Collector approaches achievement of 100-percent completion.

It’s sometimes easy to forget what an overachiever the original Game Boy was. Sure, its black-and-white (or black-and-green) display didn’t feel high-tech even at its release in 1989, but it was the first full-fledged portable video game system, and it was popular enough to remain Nintendo’s flagship handheld for nine years until the company introduced its successor, the Game Boy Color.

A system doesn’t get to enjoy that kind of longevity without a robust lineup of memorable and charming titles, and Japanese retro gamer and Twitter user @marumi_1985 has made it his quest to assemble a complete collection of every Game Boy game. So how’s he coming along?

Pretty awesomely.

@marumi_1985 recently tweeted a status-update photo on his project, which currently contains 1,236 Game Boy games. Since the scope of his ambition is a complete set of every title for the system commercially released in Japan (i.e. excluding not-for-sale promotional cartridges), by his calculations his collection is 99.36-percent finished, with just eight more games to go for 100-percent completion.

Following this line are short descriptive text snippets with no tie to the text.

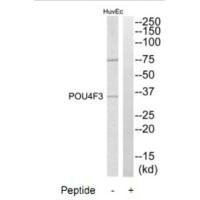 Western blot analysis of extracts from HuvEc cells, using POU4F3 antibody.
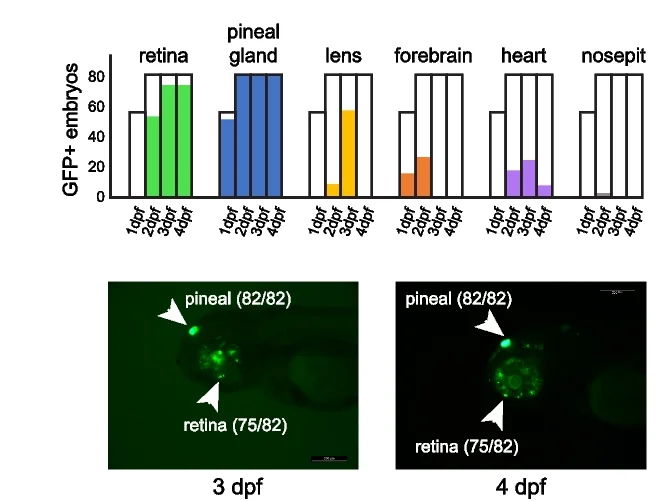 Open access visualization of Bar Plot, Photo, Microscopy, In Vivo Enhancer Assays, cis-Regulatory Elements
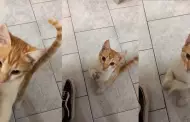 "Quiero que todos hagamos palmas": Gatito se hace viral en TikTok bailando 'Mentirosa' del grupo Rfaga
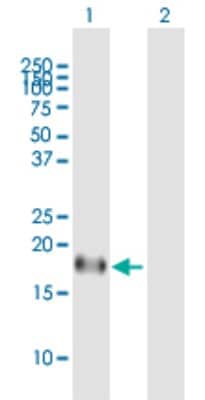 Western Blot: ID4 Antibody [H00003400-B01P]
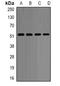 Complement C3a Receptor 1 antibody, orb85619, Biorbyt, Western Blot image 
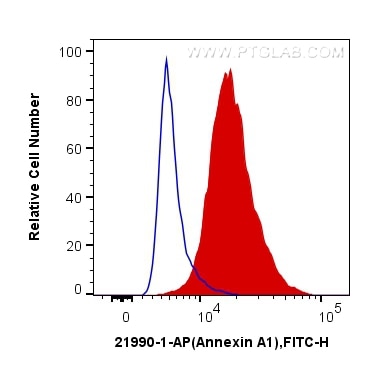 Flow cytometry (FC) experiment of NIH/3T3 cells using Annexin A1 Polyclonal antibody (21990-1-AP)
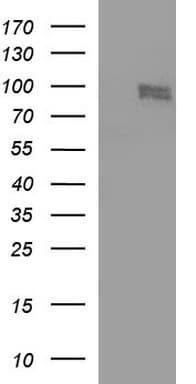 CEP68 Antibody (clone OTI6D5)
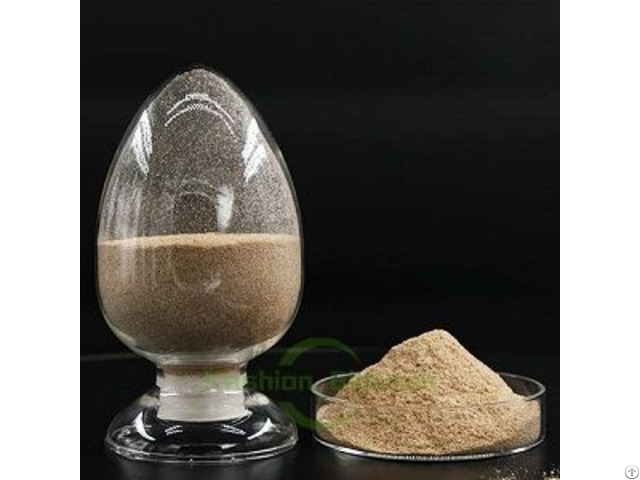 Anaerobic Bio Bacteria In Sewage Treatment System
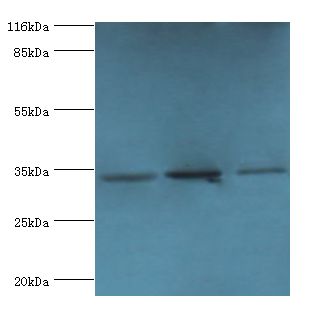 RPH3AL Antibody - Western blot. All lanes: Rab effector Noc2 antibody at 2 ug/ml Lane 1:rat liver tissue Lane 2: K562 whole cell lysate. Lane 3: A549 whole cell lysate. Secondary antibody: Goat polyclonal to rabbit at 1:10000 dilution.  This image was taken for the unconjugated form of this product. Other forms have not been tested.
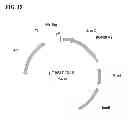 Fig. 22 - Class of glyphosate resistance genes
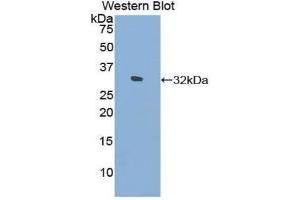 Western Blotting (WB) image for anti-Filamin C, gamma (FLNC) (AA 17-259) antibody (ABIN1858903) (FLNC 抗体  (AA 17-259))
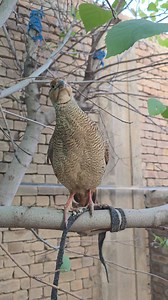 109K views · 2.2K reactions | Grey Partridge Calling #partridges #teetar #teetarawaz #pets #viral | Birds Lover | Facebook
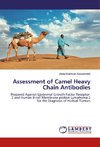 Assessment of Camel Heavy Chain Antibodies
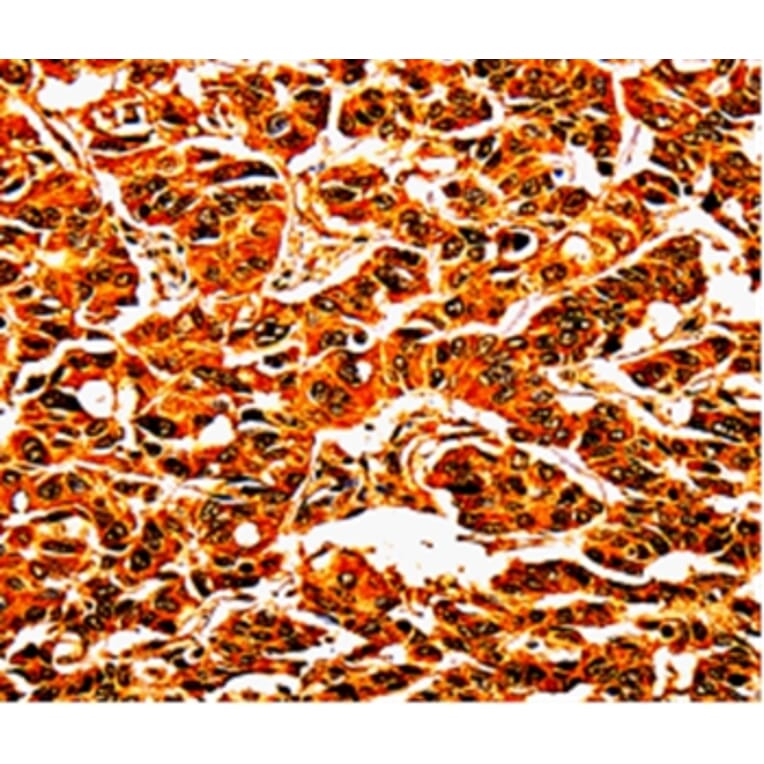 Immunohistochemistry - UPK3B Antibody from Signalway Antibody (35546) - Antibodies.com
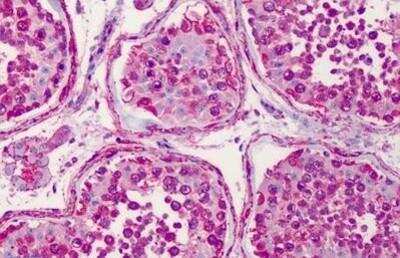 Immunohistochemistry-Paraffin: HSP90 alpha Antibody [NBP1-02459] -  Staining of human testis tissue after heat-induced antigen retrieval. Antibody concentration 2.5 ug/ml.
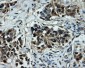 TTLL12 (5S1) Mouse Monoclonal antibody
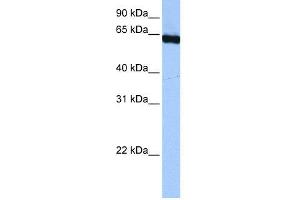 WB Suggested Anti-PUF60  Antibody Titration: 0. (PUF60 抗体  (C-Term))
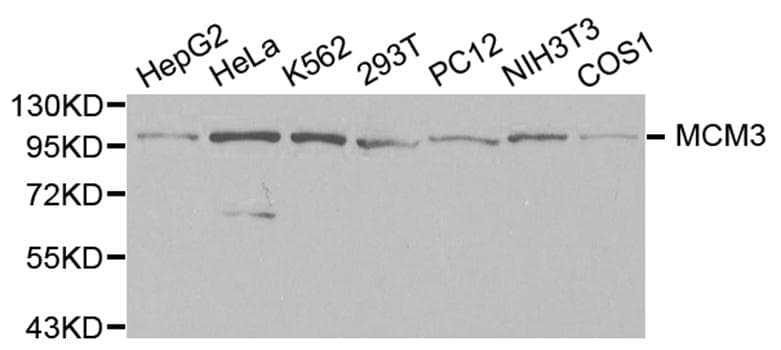 Polyclonal Rabbit anti-Human MCM3 Antibody (IHC, IF, WB)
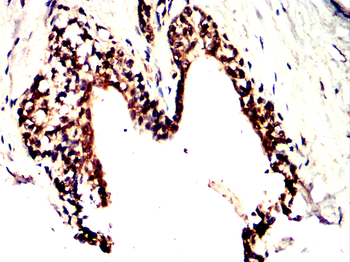 BRAF Antibody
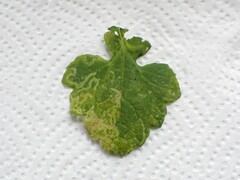 Phytomyza syngenesiae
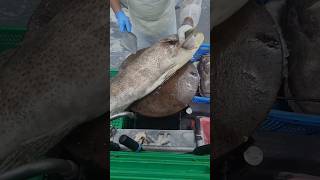 Giant grouper fillet fypシ゚viral fishfillet cuttingskils [upl. by Camilla]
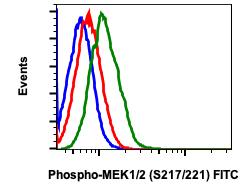 Phospho-MEK1/2 (Ser217/221) rabbit mAb FITC conjugate Antibody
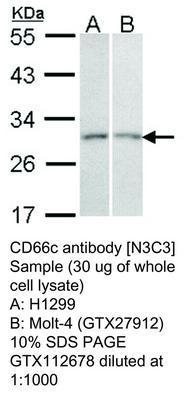 CD66c antibody [N3C3], GeneTex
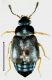Proteinus crenulatus Pandellé, 1867.jpg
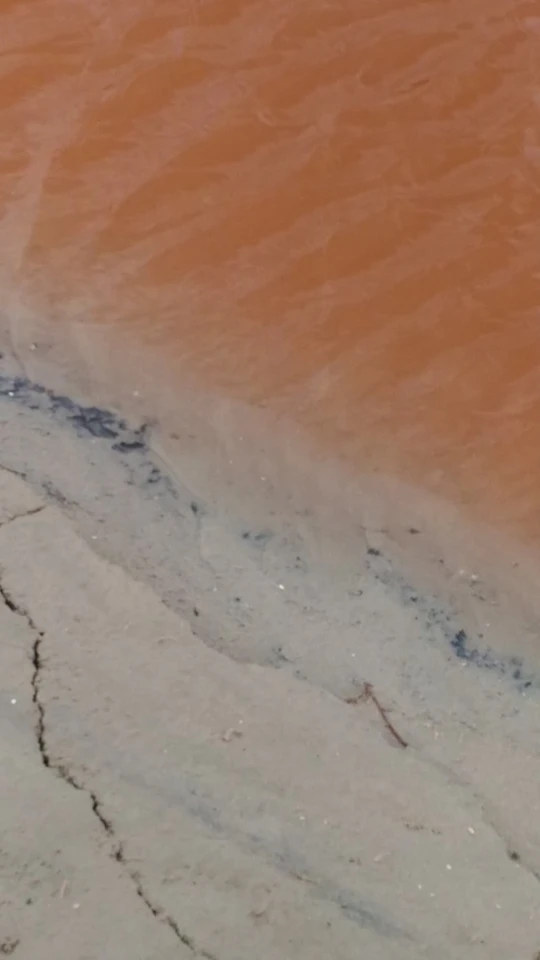 The water in the candy-pink Laguna de Peña Hueca derives its color from the red cells of the salt-loving algae Dunaliella salina EP-1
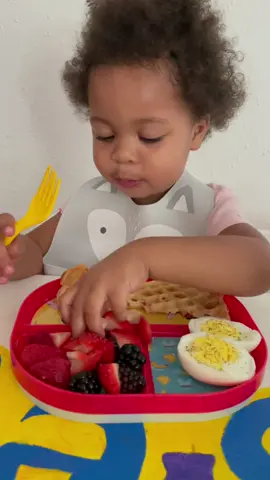 Using a fork 101 #kymmibear #breakfast #messyhair #babygirl #asmr #fypシ #smartbaby #funnyyyy #viral #eggs #starwberry #waffles #classisinsesson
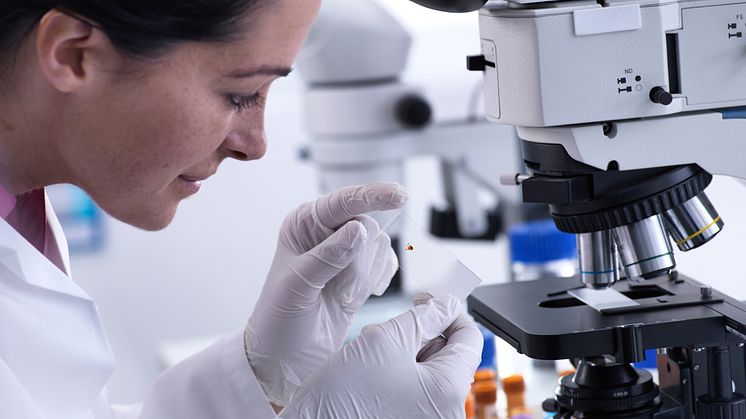   CHMP har gett ett positivt utlåtande som rekommenderar godkännande av Pfizers vaccin mot RS-virus för vuxna i åldern 18 till 59 år. Foto: Johnér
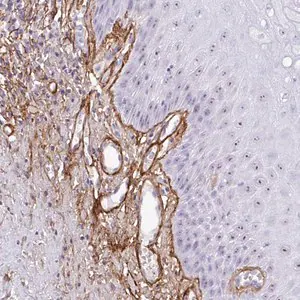 Merck Anti-LHFP antibody produced in rabbit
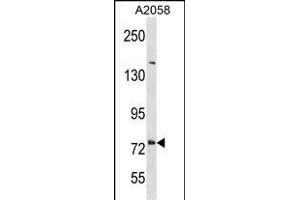 DNER Antibody (C-term) (ABIN1881267 and ABIN2838430) western blot analysis in  cell line lysates (35 μg/lane). (DNER Antikörper  (C-Term))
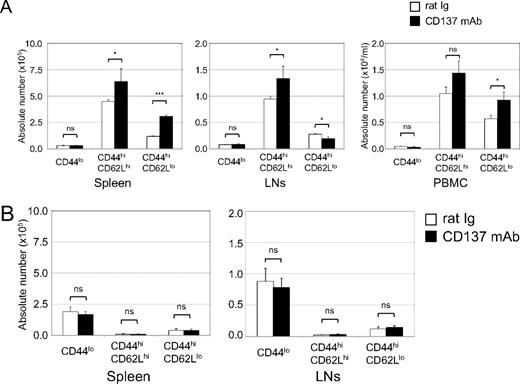 Figure 3. Flow cytometric analysis of mononuclear cells after anti-CD137 mAb treatment. Naive B6 mice (Thy1.2) were transferred with 107 purified activated (A) or naive (B) OT-1 T cells (CD8+ Thy1.1). As previously described, 3 weeks later they were treated with rat Ig or anti-CD137 mAb. At 10 days after antibody treatment, mononuclear cells were harvested from spleen, lymph nodes (axilla and inguinal), and peripheral blood. OT-1 T cells were identified by anti-Thy1.1 mAb. Absolute numbers of OT-1 T cells of spleen, lymph nodes, and peripheral blood were calculated. Subsets of effector Tms (CD44hiCD62Llo), central Tms (CD44hiCD62Lhi), and naive T cells (CD44lo) of OT-1 T cells were identified by the indicated specific mAbs. Results are 1 representative of at least 3 independent experiments. ns indicates not significant; *P < .05; ***P < .005.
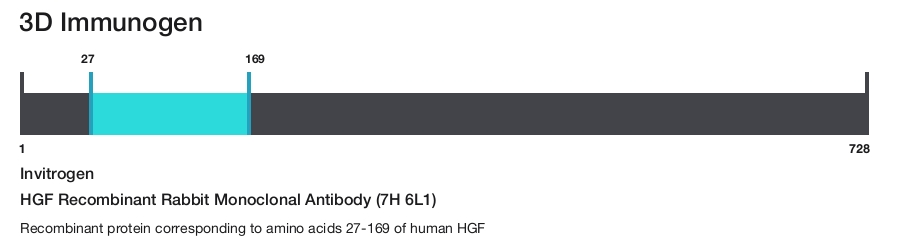HGF Recombinant Rabbit Monoclonal Antibody (7H 6L1)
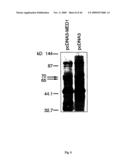 NOVEL GENE ENCODING A DNA REPAIR ENZYME AND METHODS OF USE THEREOF diagram and image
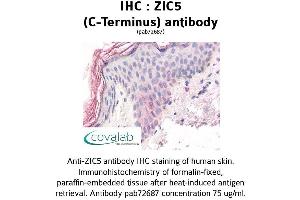 Image no. 2 for anti-Zinc Family Member 5 (ZIC5) (C-Term) antibody (ABIN1740919)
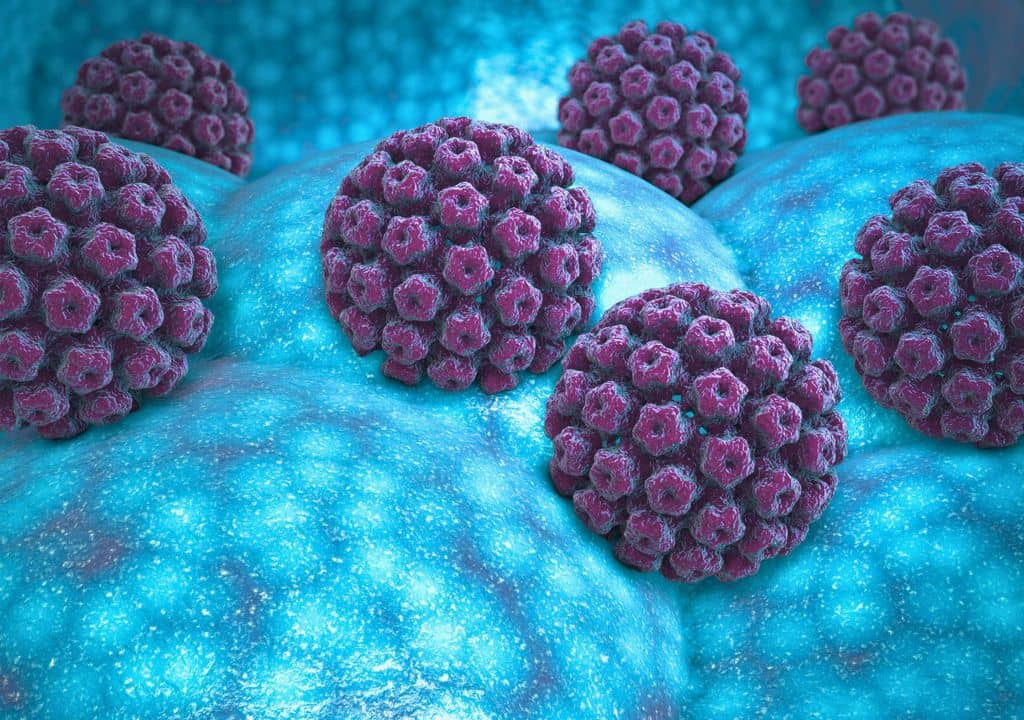 A quoi ressemble le virus HPV au microscope ?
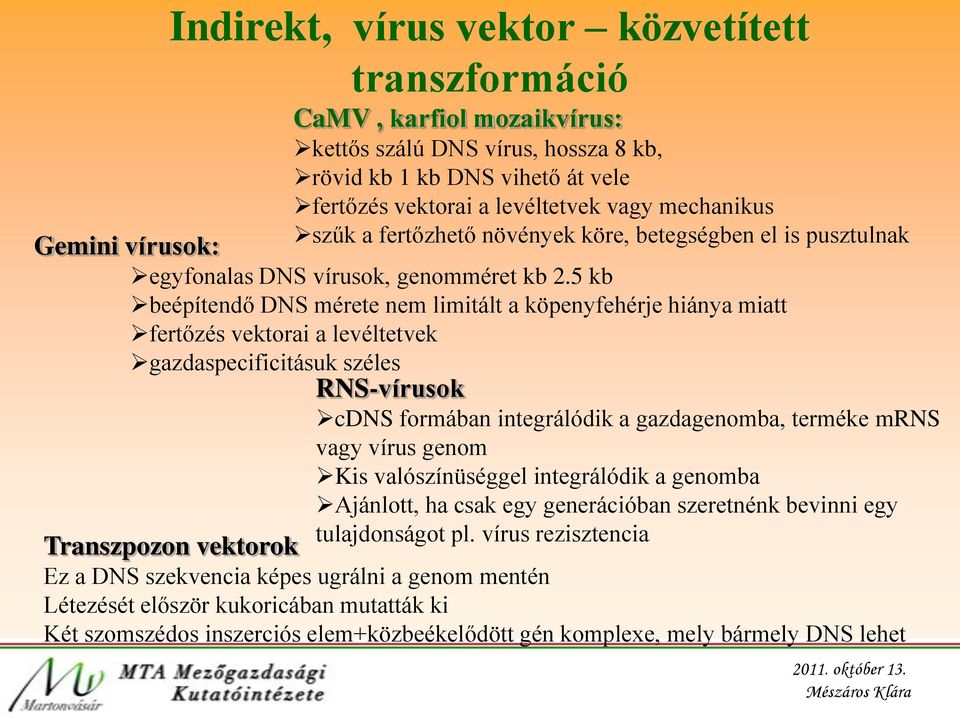 5 kb beépítendő DNS mérete nem limitált a köpenyfehérje hiánya miatt fertőzés vektorai a levéltetvek gazdaspecificitásuk széles RNS-vírusok cdns formában integrálódik a gazdagenomba, terméke mrns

Among the many rare and obscure titles he’s tracked down are Marmalade Boy, Cross Hunter, The Bell Tolls for the Frog, and Tale of Clothes Changing. So what’s still missing?

R-Type DX
Wizardry II
Wizardry III
The Black Onyx
Deja Vu 1 & 2
Little Magic
Earth Liberation Army Zas

Three of those, RPGs Wizardry II, Wizardry III, and The Black Onyx, didn’t come out until 2001, which was the same year the Game Boy’s hardware grandson, the Game Boy Advance, was released, so in all likelihood their cartridges were produced in extremely limited quantities.

Despite the size of the collection, @marumi_1985 says it hasn’t been as expensive as some people assume. “There are a lot of Game Boy games that are surprisingly cheap,” he says.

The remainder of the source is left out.